Microsoft is merging Data Factory and Power BI Dataflows in one single ETL solution. It’s not a simple merging, but still these ETL tools are easier to use then ever.
In this article, I will demonstrate how to create a lakehouse and ingest data using a step-by-step walkthrough that you can follow along with. You will see that it is not very difficult and what features are available.
If you need a refresher on what Microsoft Fabric is, you can read the first article I wrote here overview of Microsoft Fabric and this other one to enable a free preview so you can try it out without spending money.
Creating the Lakehouse
Let’s create a new lakehouse, step by step.
- Create a new workspace, let’s call it lakehouse demo. Use the trial resources explained here
- Select the Data Engineering Experience
Synapse is present everywhere. The title of the window appears as Synapse Data Engineering
- Click the Lakehouse button and give it a name,
demolake
(or whatever you want to, but in the article it will be nameddemolake
)
Ingesting Files into the Lakehouse
After creating the lakehouse, it’s time to create a data factory pipeline to ingest the data.
- Click the menu Get Data
->
New Data Pipeline
- Give a name to the pipeline as Ingesting
The wizard for data ingestion is one of the new features. It makes the work much easier than in previous iterations of these tools. The next image shows the first window of the wizard.
We will load information from a sample azure blob storage provided by Microsoft and with anonymous access.
- Select Azure Blob Storage as the source and click the Next button.
On the following screen, you can choose between an existing connection or a new one. The Power BI environment saves connections to be reused by different objects and this includes Microsoft Fabric objects. You can read more about Power BI and Fabric connection management
- On the Account Name or URL textbox, type the following address: https://azuresynapsestorage.blob.core.windows.net/sampledata
- On the Connection Name textbox, type wwisample
- Click the Next button.
Here we can find how easy a wizard can be: After noticing we don’t have anonymous access direct to the container, the wizard gives us another window to type the precise path we would like to access and get the data from:
- On the textbox in the middle of the wizard, type the following path: /sampledata/WideWorldImportersDW/parquet
- Click the Retry button
After the retry, we will be able to see the list of folders available for us and the options about the format for ingestion.
- Select the folder full
- Mark the checkbox Schema agnostic (binary copy)
The binary copy option, like the one existing in Data Factory’s Copy Activity, allow us to copy not only multiple files but multiple folders to the Files area of the lakehouse.
The same couldn’t be done to the Tables area of the lakehouse, we would need to import the tables one by one with the correct schema.
- Click the Next button.
- Choose the option Existing Lakehouse
Choosing the lakehouse is the first option on the destination choice.
- Click the Next button
We need to select the destination of the files being copied. The Tables destination is disabled because we selected the binary copy.

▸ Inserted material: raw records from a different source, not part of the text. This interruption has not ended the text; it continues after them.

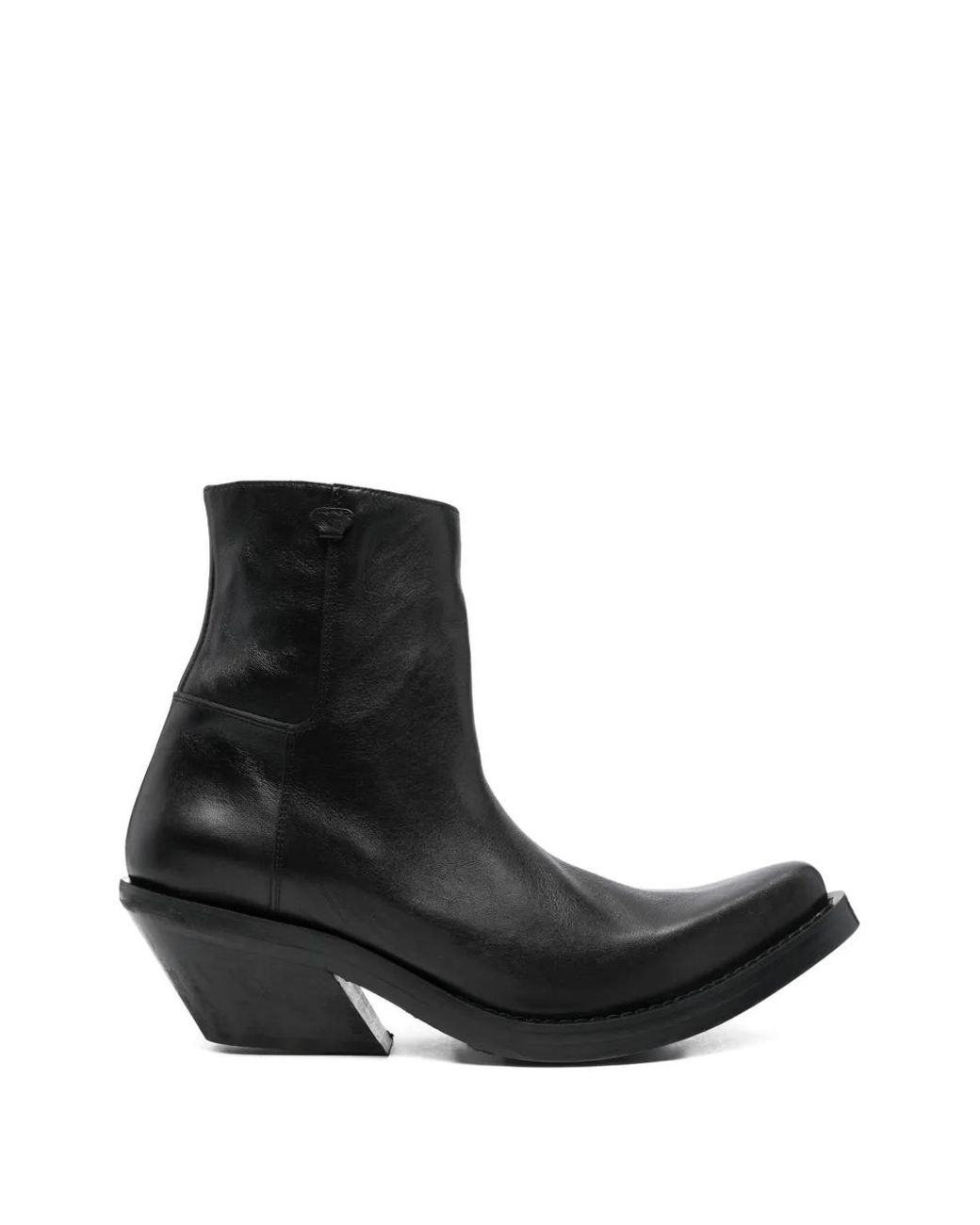 Egonlab Black Spike Leather Boots for men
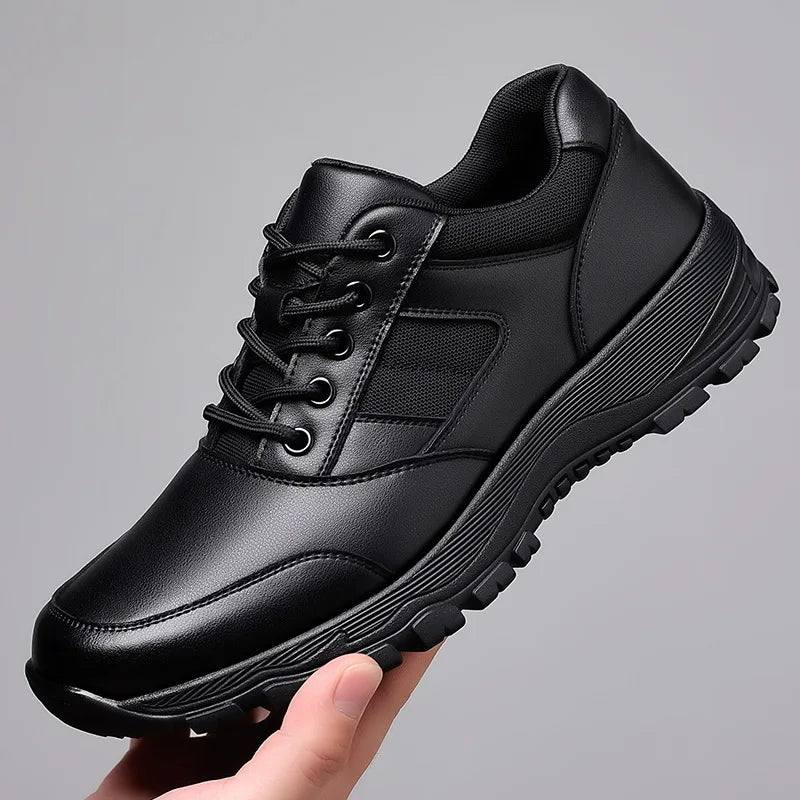Bartender Black Non-Slip Hospitality Shoes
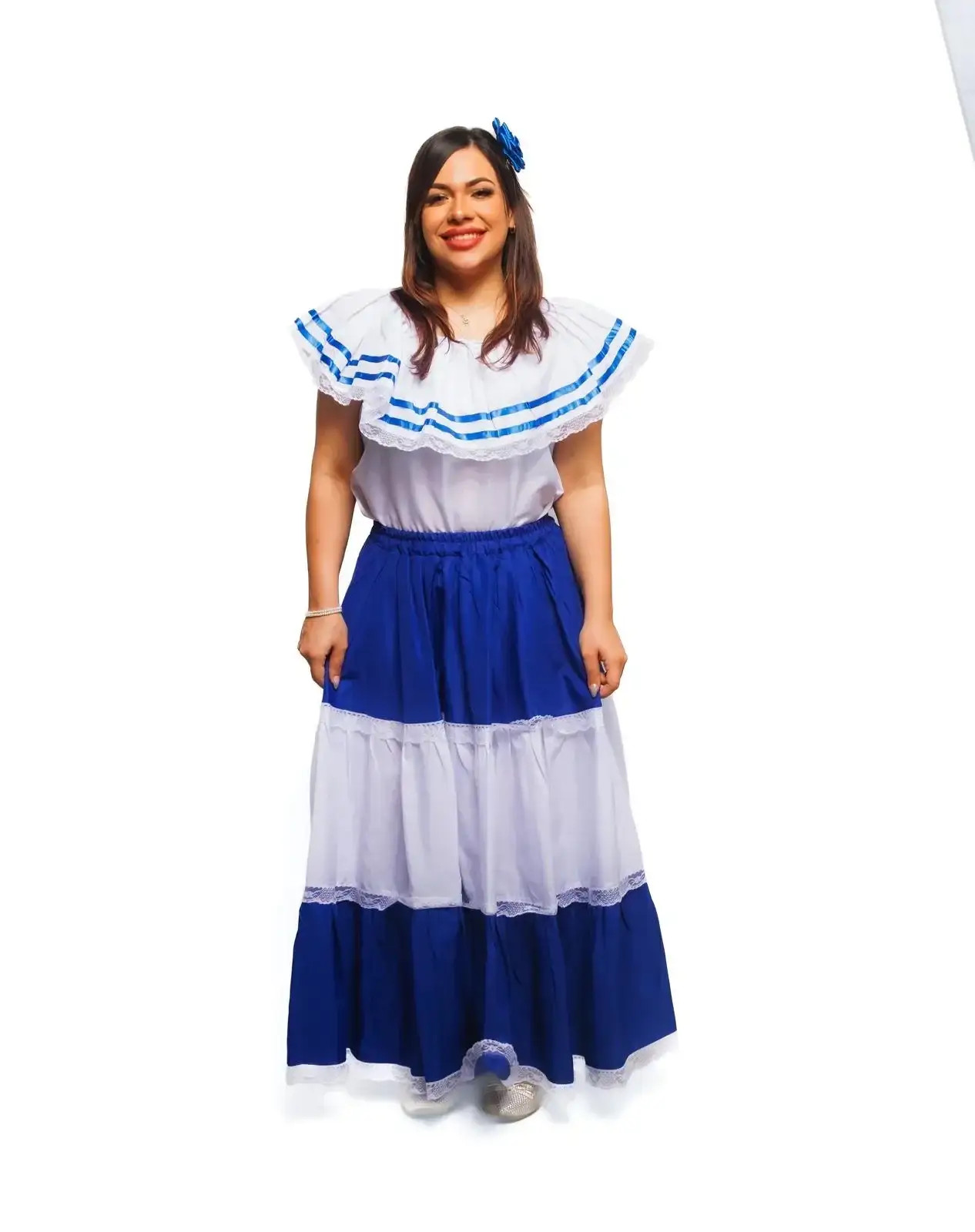 Salvadoran Traditional Women Fiesta Dress El Salvador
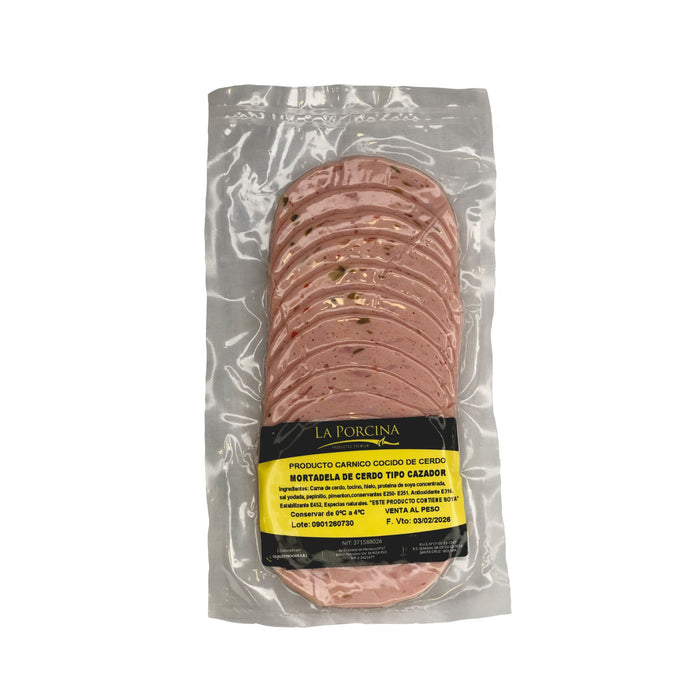 Mortadela De Cerdo La Porcina Tipo Cazador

The Browse button allow you to organize the files you are copying according to your folder structure. In our example, we don’t have a folder structure yet, so we don’t need to click the Browse button.
- Click the Next button
At this point, all the configuration needed for the ingestion is done. We only need to conclude the Wizard and ask for the execution.
- Mark the checkbox Start data transfer immediately.
- Click the Save + Run button.
The pipeline will be executed, and you may notice it’s a simple Copy Activity, which is usual for a Data Factory Pipeline. As explained, the pipelines and dataflows in Microsoft Fabric are a merge between Power BI and Data Factory features.
- Click the demolake button on the left bar.
The left bar adapts itself with icons of recently opened resources, allowing you to navigate among them.
On the lake explorer, you will notice the folders for each table inside the Files area. The shows you that the data is ingested.
Ingest as Table
We ingested the data as binary files. Let’s analyse how would it be to ingest the data as a Table.
Back to selecting the source, during the Copy Data into Lakehouse wizard, if we select one single folder, which contains one single table, and select the correct data format, we can ingest the information to the Table area of the lakehouse.
When selecting tables as destination, we can select the following options:
- The table name
- The Action: We can Append the data to an existing table or overwrite the data of an existing table.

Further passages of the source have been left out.